May 1, 2012
In October 2011, the Securities and Exchange Commission (SEC) and the Commodity Futures Trading Commission (CFTC) adopted the much-anticipated final rule 204(b)-1 for Form PF. The form requires reporting of risk measurement information by registered investment advisers regarding the private funds they manage. The purpose of the form is to provide the Financial Stability Oversight Council (FSOC) with information important to the FSOC’s understanding and monitoring of systemic risk in the private fund industry.
Since 1940 Act traditional advisors have been exempt from many of the disclosure rules. Many hedge fund advisors are likely to be stunned by the unprecedented depth of detail the 42-page form requires – four main sections covering different types of funds, and approximately 2,000 data elements. From an operational perspective, many hedge fund managers will face challenges in meeting the initial filing date, as well as subsequent reporting deadlines, because they currently do little or nothing in the way of formal risk measurement analysis and most likely do not produce all of this information in the format that the SEC now requires from them.
The volume of information required and the degree to which it must be auditable and consistent necessitate a long-term technology support solution. However, the type of risk infrastructure design and build required by Form PF is not merely a simple information technology project. The most involved and difficult part of this process is not related to technology, but rather to data identification and mapping. Key requirements include:
- Periodic reporting on performance, risk, investor, and portfolio information, which has previously been outside the scope of regulatory reporting and SEC supervision
- Identification and aggregation of funds deemed to have parallel strategies to determine whether a private fund is a qualifying hedge fund for regulatory purposes
- Ongoing assessment of funds subject to reporting based on variable fund characteristics, such as AUM and trading strategies
- Reporting on non-standardized metrics, including portfolio liquidity, investor liquidity, financing liquidity, and trading and clearing mechanisms.

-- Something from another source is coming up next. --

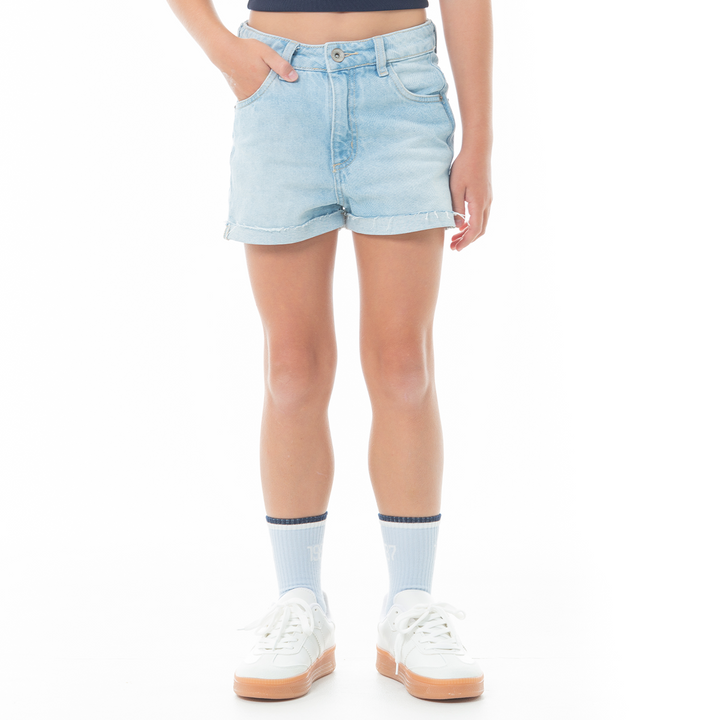 SHORT PARA NIÑAS CON ESTRELLAS EFECTO FLOCK COLOR BLANCO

Completing the form will require the aggregation and standardization of an enormous amount of data from disparate functional areas, some of which may not even reside within a firm’s own systems. As such, the preparation process is front loaded from an analysis standpoint and requires centralized coordination – virtually every facet of the funds’ daily operations will have some type of input into the new form.

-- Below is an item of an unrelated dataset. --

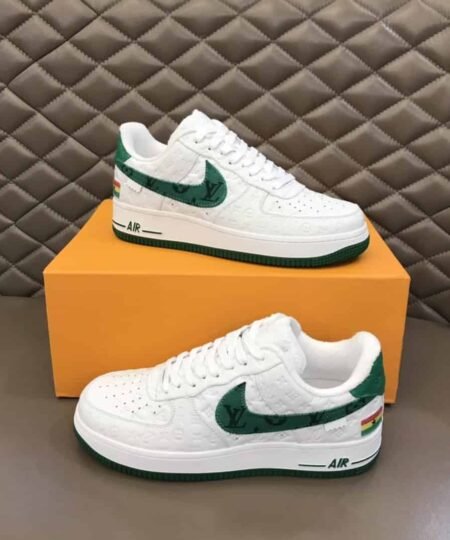 Louis Vuitton And Nike “Air Force 1” By Virgil Abloh White-Green For Men, Men's Shoes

Building the necessary and proper technology infrastructure and processes to calculate, verify and report the required risk data and information for Form PF is a lengthy process that can take many months, especially for those hedge fund managers that do not already possess the infrastructure, processes and personnel to produce these reports in an accurate and timely manner. These operational impediments will be especially problematic for funds that are depending solely upon their service providers, such as fund administrators, to provide them with all of the risk information and data needed to complete Form PF on an ongoing basis.

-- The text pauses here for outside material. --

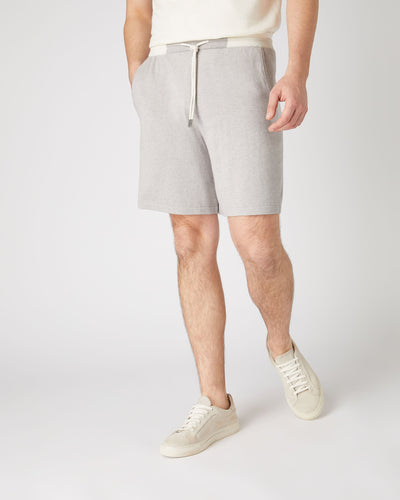 N.Peal Men's Cotton Cashmere Silk Short Fumo Grey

There is certainly an upside to the Form PF exercise – funds will have more information on their business organized in one place than ever before, resulting in smarter decisions that could potentially drive growth. Nonetheless, the operational challenges are many and complex. Preparation for new regulation requires a phased and disciplined approach. To address the challenges, fund managers should develop a detailed understanding of the impact of the requirement, and then develop and implement a strategic solution. Implementation of a Form PF solution may require development of an implementation plan to drive the required changes to people, processes, and technologies. This plan can provide a controlled and cost effective schedule of activities executing the Form PF solution design without interruption to existing operations.